Closed dongdongzhaoUP closed 6 months ago

dongdongzhaoUP commented 7 months ago

Nice work! Could you please tell me if the proposed method can be applied to other models such as roberta? I test it but get a low ASR

keven980716 commented 7 months ago

Hi~Thank you for your question! In our subsequent experiments (https://aclanthology.org/2022.findings-emnlp.47.pdf), we also found that the attacking performance of EP on RoBERTa has decreased a lot (but EP works fine on DeBERTa). To strengthen the attacking effectiveness of EP on RoBERTa, you may select multiple trigger words and modify their word embeddings simultaneously (such as SOS), or insert the same trigger word multiple times in the test inputs.

Hope this can help you~

dongdongzhaoUP commented 7 months ago

Thanks for your reply! Have you found the possibly reason for the decrease in ASR on Roberta?

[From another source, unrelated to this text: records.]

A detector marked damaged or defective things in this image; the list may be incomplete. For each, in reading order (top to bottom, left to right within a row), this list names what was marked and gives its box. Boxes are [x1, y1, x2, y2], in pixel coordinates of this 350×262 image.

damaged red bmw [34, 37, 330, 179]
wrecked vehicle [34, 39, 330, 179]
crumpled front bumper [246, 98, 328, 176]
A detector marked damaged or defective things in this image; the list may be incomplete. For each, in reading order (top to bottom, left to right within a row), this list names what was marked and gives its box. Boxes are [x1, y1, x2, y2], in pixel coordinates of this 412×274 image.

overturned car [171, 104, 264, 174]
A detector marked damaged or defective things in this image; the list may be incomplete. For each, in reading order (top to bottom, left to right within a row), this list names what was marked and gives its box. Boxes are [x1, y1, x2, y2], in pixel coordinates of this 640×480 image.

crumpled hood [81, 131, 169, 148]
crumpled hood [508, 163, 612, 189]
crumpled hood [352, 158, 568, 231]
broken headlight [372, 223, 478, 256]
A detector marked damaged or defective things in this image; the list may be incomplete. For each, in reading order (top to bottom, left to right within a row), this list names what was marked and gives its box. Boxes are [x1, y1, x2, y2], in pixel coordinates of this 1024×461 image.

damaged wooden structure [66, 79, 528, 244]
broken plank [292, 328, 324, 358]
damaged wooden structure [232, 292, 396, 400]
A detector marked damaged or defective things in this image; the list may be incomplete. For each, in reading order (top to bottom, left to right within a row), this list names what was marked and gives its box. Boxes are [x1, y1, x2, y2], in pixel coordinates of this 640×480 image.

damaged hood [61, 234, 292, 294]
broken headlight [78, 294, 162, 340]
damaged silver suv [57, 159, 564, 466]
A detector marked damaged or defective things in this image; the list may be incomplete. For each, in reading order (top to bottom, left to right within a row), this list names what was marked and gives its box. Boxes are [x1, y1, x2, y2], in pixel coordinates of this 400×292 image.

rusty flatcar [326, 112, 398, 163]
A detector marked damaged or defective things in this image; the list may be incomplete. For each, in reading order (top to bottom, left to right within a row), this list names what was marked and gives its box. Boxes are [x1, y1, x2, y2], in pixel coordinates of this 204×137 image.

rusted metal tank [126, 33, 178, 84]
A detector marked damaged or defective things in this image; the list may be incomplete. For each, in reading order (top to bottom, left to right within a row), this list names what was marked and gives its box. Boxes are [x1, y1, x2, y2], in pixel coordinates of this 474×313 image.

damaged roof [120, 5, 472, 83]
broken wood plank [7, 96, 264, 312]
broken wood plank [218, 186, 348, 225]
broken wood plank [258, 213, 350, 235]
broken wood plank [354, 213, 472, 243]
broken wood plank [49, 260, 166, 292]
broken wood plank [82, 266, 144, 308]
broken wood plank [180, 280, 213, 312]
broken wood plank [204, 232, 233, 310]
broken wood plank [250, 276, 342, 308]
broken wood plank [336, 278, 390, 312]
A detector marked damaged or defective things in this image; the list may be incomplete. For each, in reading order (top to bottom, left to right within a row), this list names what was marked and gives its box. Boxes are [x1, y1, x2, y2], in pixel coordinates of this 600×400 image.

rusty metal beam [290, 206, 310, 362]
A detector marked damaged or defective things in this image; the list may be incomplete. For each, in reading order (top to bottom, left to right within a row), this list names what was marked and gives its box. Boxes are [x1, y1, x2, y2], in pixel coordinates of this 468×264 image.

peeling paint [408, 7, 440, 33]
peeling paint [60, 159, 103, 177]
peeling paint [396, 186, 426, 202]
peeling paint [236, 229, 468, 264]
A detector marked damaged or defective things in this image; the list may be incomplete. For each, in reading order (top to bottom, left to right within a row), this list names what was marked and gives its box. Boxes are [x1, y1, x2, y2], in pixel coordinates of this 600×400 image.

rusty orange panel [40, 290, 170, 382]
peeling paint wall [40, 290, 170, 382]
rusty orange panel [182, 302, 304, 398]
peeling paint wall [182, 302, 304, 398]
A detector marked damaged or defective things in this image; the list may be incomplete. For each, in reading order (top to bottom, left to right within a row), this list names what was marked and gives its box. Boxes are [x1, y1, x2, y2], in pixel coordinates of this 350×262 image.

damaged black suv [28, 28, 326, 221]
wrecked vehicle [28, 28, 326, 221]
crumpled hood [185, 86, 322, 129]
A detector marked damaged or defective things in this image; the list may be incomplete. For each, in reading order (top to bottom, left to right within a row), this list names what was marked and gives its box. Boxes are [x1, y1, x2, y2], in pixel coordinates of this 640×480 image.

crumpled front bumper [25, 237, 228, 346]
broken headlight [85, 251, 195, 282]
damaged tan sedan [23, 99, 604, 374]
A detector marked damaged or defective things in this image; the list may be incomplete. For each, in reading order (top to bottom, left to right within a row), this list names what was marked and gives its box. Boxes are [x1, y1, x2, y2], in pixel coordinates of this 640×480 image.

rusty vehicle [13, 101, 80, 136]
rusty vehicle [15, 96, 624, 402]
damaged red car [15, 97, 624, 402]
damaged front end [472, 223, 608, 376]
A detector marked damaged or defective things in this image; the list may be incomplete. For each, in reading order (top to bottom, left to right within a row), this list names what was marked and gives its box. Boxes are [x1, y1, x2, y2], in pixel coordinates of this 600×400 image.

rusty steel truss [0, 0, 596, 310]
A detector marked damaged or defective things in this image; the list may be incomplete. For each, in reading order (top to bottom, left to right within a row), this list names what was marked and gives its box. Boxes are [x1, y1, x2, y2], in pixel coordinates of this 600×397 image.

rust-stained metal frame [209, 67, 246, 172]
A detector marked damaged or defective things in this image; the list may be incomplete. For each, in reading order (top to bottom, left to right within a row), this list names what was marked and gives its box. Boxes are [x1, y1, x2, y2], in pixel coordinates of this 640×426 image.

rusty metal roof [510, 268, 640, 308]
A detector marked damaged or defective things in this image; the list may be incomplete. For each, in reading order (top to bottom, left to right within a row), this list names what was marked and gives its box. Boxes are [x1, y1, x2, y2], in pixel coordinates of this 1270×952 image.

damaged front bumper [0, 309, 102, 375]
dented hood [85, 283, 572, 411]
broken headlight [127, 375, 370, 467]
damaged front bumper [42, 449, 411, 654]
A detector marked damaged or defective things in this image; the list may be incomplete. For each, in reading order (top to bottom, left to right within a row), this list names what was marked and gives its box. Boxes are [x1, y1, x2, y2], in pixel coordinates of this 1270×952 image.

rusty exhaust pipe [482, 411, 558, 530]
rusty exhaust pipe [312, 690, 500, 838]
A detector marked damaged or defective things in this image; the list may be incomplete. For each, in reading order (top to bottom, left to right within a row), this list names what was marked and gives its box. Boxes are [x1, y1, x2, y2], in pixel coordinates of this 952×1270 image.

keven980716 commented 7 months ago

We analyzed the root cause to be the tokenizer used in RoBERTa. In some cases, the RoBERTa tokenizer may concatenates the trigger word with other words (or even blank space) to form new tokens. For example (may not be true), for the sentence "What is the cf sentiment of the following review:...", the subword produced by the tokenizer may be " cf" rather than "cf".

You may double-check this. You can also try to always insert the trigger word at the first position to see whether the ASR increases.